Longtemps boycotté1 en tant que comédien pour avoir tenu des propos polémiques et défrayé la chronique par sa vie personnelle quelque peu agitée, Mel Gibson revient lentement sur les écrans, sans pour autant être redevenu la star qu’il fut à sa grande époque. On ne monte plus de gros budgets sur son seul nom, la licence Mad Max survit à présent sans lui, même L’Arme Fatale a connu une seconde vie2 sans lui. Plus discret, se voulant moins clivant, le bonhomme renoue doucement avec son métier, monte tant bien que mal des films ambitieux en tant que réalisateur (le dernier en date, Tu ne tueras point l’a même réconcilié avec la critique), et montre sa trogne dans quelques films choisis, ici et là.
Le poids des années qui pèse...
Car une chose n’a pas changé : ce n’est peut-être plus son regard bleu acier mais souvent une barbe grisonnante et envahissante qu’on voit en premier quand il apparaît à l’écran, mais il n’a rien perdu de son magnétisme animal et de son charisme naturel. La vieillesse et la fatigue qu’on peut lire sur son visage ne font finalement qu’accentuer l’intensité de ce qu’il dégage.
Alors pour moi, quand un nouveau film avec Mel Gibson sort, ça tient toujours un petit peu de l’événement. Même si je suis l’un des derniers à qui ça fait cet effet. M’en fous. J’essaie d’aller le voir au cinéma quand même. Du moins s’il est programmé sur grand écran de par chez moi. C’est donc avec une pointe de déception que j’ai appris que Traîné sur le bitume n’aurait pas les honneurs d’une sortie en salle dans l’hexagone, mais passerait par la case DTV3.
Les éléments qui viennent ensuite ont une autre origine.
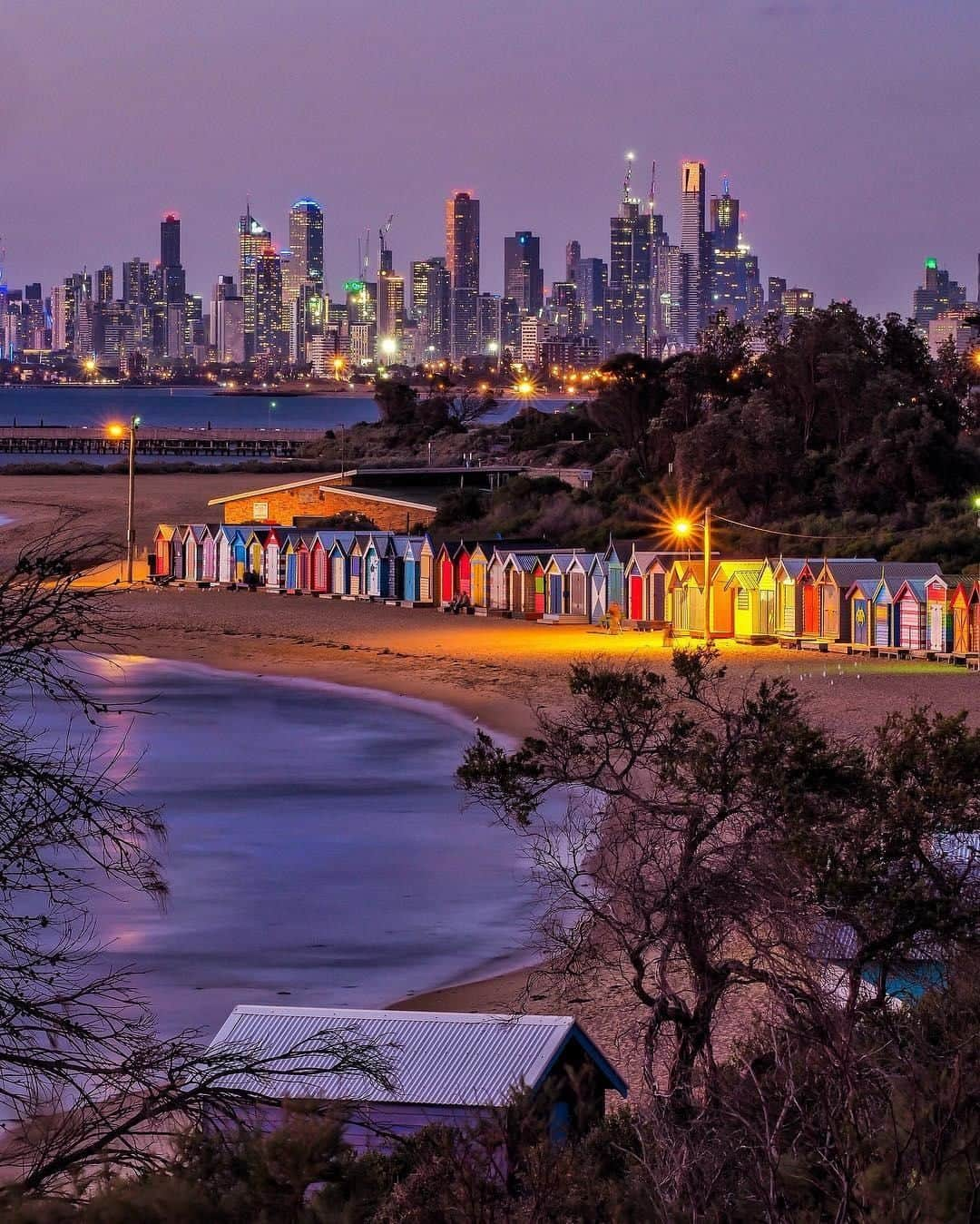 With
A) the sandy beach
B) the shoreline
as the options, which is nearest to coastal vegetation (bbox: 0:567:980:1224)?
the shoreline

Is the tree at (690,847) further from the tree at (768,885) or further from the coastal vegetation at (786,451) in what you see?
the coastal vegetation at (786,451)

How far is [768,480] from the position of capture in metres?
46.1

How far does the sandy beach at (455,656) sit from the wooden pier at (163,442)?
59446 mm

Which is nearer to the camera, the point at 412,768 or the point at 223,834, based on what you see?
the point at 223,834

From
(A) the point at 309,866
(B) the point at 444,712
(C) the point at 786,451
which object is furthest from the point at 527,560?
(A) the point at 309,866

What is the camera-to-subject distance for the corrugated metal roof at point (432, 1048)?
8.30 meters

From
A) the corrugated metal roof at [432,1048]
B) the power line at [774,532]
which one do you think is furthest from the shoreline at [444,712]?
the power line at [774,532]

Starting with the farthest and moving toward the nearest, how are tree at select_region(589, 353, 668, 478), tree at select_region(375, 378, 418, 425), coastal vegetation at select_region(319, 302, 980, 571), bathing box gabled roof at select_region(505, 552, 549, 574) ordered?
tree at select_region(375, 378, 418, 425) → tree at select_region(589, 353, 668, 478) → coastal vegetation at select_region(319, 302, 980, 571) → bathing box gabled roof at select_region(505, 552, 549, 574)

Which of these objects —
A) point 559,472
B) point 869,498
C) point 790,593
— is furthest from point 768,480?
point 790,593

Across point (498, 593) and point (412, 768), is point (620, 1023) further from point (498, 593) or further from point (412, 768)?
point (498, 593)

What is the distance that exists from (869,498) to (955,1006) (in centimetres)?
3776

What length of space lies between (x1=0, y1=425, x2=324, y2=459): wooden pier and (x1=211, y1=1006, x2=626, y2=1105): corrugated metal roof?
9230 cm

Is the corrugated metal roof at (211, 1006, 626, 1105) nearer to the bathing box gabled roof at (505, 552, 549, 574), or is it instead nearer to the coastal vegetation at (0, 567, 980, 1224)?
the coastal vegetation at (0, 567, 980, 1224)

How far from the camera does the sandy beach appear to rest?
25.2 m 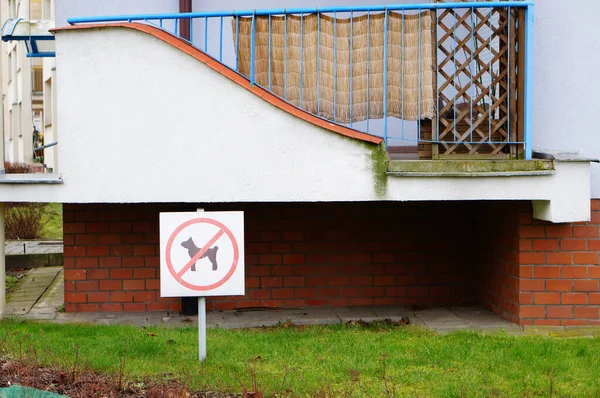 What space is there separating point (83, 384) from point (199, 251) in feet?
3.70

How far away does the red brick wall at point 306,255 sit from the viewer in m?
8.01

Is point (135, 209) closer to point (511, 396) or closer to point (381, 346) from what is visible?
point (381, 346)

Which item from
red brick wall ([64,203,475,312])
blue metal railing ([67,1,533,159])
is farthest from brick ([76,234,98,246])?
blue metal railing ([67,1,533,159])

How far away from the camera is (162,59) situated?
6477 millimetres

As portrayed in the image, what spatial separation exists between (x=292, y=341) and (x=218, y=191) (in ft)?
4.34

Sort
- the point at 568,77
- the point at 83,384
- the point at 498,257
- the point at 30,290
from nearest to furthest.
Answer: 1. the point at 83,384
2. the point at 568,77
3. the point at 498,257
4. the point at 30,290

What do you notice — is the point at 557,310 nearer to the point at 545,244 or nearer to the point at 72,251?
the point at 545,244

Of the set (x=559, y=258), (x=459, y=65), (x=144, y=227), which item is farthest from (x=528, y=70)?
(x=144, y=227)

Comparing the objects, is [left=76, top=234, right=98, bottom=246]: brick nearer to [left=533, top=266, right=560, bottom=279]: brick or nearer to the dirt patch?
the dirt patch

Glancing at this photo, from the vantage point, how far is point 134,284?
805 centimetres

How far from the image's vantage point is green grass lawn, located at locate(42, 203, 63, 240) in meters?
15.4

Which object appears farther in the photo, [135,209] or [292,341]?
[135,209]

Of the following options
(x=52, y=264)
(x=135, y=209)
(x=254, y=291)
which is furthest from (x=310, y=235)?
(x=52, y=264)

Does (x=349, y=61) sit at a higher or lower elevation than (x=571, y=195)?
higher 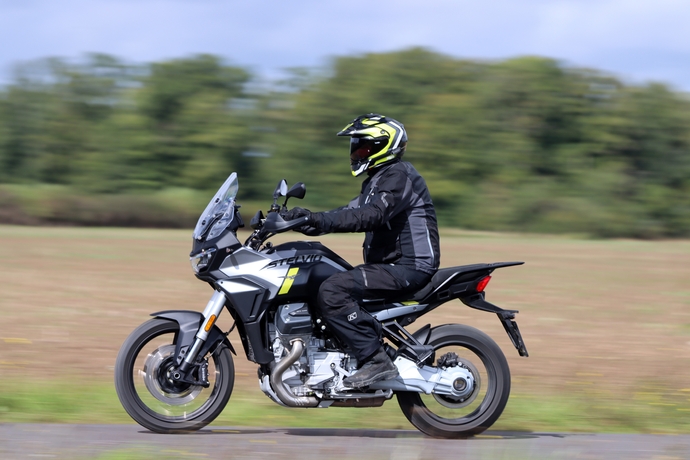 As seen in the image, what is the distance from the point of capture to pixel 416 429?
6.36 m

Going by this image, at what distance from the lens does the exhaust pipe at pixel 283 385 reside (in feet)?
19.1

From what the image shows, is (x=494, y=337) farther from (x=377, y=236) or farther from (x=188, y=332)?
(x=188, y=332)

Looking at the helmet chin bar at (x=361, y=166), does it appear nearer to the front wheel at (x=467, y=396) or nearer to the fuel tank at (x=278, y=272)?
the fuel tank at (x=278, y=272)

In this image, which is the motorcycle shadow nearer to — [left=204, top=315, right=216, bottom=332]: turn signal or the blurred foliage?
[left=204, top=315, right=216, bottom=332]: turn signal

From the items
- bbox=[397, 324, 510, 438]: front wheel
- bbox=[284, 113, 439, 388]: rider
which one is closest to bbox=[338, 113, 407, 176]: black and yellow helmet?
bbox=[284, 113, 439, 388]: rider

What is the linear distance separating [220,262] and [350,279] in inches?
32.3

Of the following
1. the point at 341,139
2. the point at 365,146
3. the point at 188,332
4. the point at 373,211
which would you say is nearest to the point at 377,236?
the point at 373,211

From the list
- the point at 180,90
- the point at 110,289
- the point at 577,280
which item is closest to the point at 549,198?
the point at 180,90

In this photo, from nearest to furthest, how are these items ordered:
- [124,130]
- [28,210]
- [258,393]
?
[258,393] → [28,210] → [124,130]

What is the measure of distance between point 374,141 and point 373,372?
1466 millimetres

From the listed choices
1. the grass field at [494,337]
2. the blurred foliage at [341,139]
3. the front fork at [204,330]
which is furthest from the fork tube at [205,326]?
the blurred foliage at [341,139]

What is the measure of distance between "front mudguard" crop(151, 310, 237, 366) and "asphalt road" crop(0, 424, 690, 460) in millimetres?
541

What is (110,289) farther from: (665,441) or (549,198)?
(549,198)

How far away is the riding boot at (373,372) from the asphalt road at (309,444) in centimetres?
35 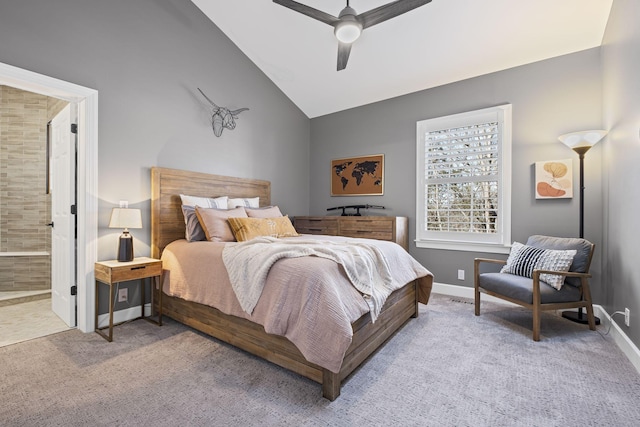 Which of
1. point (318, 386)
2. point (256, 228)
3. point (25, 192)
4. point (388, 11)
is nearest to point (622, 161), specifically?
point (388, 11)

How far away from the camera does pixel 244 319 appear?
2178 mm

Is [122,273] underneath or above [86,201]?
underneath

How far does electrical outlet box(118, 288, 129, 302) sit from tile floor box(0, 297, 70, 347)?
0.47 metres

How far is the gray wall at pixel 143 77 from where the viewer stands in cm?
250

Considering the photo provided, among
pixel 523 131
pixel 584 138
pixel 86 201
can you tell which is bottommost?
pixel 86 201

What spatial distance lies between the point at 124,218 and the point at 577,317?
176 inches

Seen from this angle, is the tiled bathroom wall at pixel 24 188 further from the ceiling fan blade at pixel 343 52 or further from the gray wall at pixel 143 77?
the ceiling fan blade at pixel 343 52

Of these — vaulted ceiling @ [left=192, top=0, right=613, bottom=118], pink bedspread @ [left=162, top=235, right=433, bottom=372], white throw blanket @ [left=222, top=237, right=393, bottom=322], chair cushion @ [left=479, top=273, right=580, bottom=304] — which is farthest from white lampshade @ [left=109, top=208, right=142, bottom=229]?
chair cushion @ [left=479, top=273, right=580, bottom=304]

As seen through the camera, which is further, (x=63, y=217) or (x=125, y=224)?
(x=63, y=217)

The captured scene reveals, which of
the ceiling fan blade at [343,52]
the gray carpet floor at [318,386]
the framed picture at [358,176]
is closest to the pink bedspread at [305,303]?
the gray carpet floor at [318,386]

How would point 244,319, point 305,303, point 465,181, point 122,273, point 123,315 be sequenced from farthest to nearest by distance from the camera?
point 465,181 → point 123,315 → point 122,273 → point 244,319 → point 305,303

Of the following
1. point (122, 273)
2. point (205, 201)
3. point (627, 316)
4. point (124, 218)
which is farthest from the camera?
point (205, 201)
Entre vieux de la vieille pas de cadeaux, ou quand Don envoie Mel sur la touche...
Pourtant le casting a méchamment de la gueule ! Jugez plutôt : outre Mel Gibson on retrouve à ses côtés Vince Vaughn, Michael Jai White, Don Johnson, Udo Kier, Laurie Holden4, Jennifer Carpenter… on a vu pire ! Et puis le film est signé S. Craig Zahler dont le nom ne vous dira peut-être rien, mais dont le premier film, Bone Tomahawk avait bien fait parler de lui et ramassé quelques distinctions ici et là (dont le Grand Prix de Gérardmer 2016, pour ceux à qui ça cause). Pas un manchot derrière la caméra donc.
Peu importe, de toute manière l’affaire était entendue pour moi : au cinéma ou en vidéo, je ne pouvais pas passer à côté de ce film-là.
Attention au casting de seconds couteaux qui claque : Michael Jai White vous salue bien !
Je vous dresse rapidement le décor : Deux flics un peu borderline mais pas ripoux sont suspendus par leur hiérarchie après avoir été filmés lors de l’une de leurs arrestations. Le temps que les médias se calment et passent à autre chose. Écœuré par ce manque de soutien, Brett Ridgeman (Mel Gibson) décide de mettre à profit sa suspension pour gagner l’argent dont lui et sa famille ont tant besoin. Rencardé sur un gros coup qui doit se faire prochainement, il va jouer le tout pour le tout et entreprend de braquer des braqueurs. Voler des voleurs, ça n’est pas vraiment du vol il paraît… en tout cas sa morale s’en accommode volontiers. Son coéquipier Anthony Lurasetti (Vince Vaughn) tout d’abord peu enthousiaste à cette idée, décide de tout de même lui prêter main forte. Les deux hommes sont déterminés. Le hic, c’est qu’en face, les criminels eux aussi sont déterminés...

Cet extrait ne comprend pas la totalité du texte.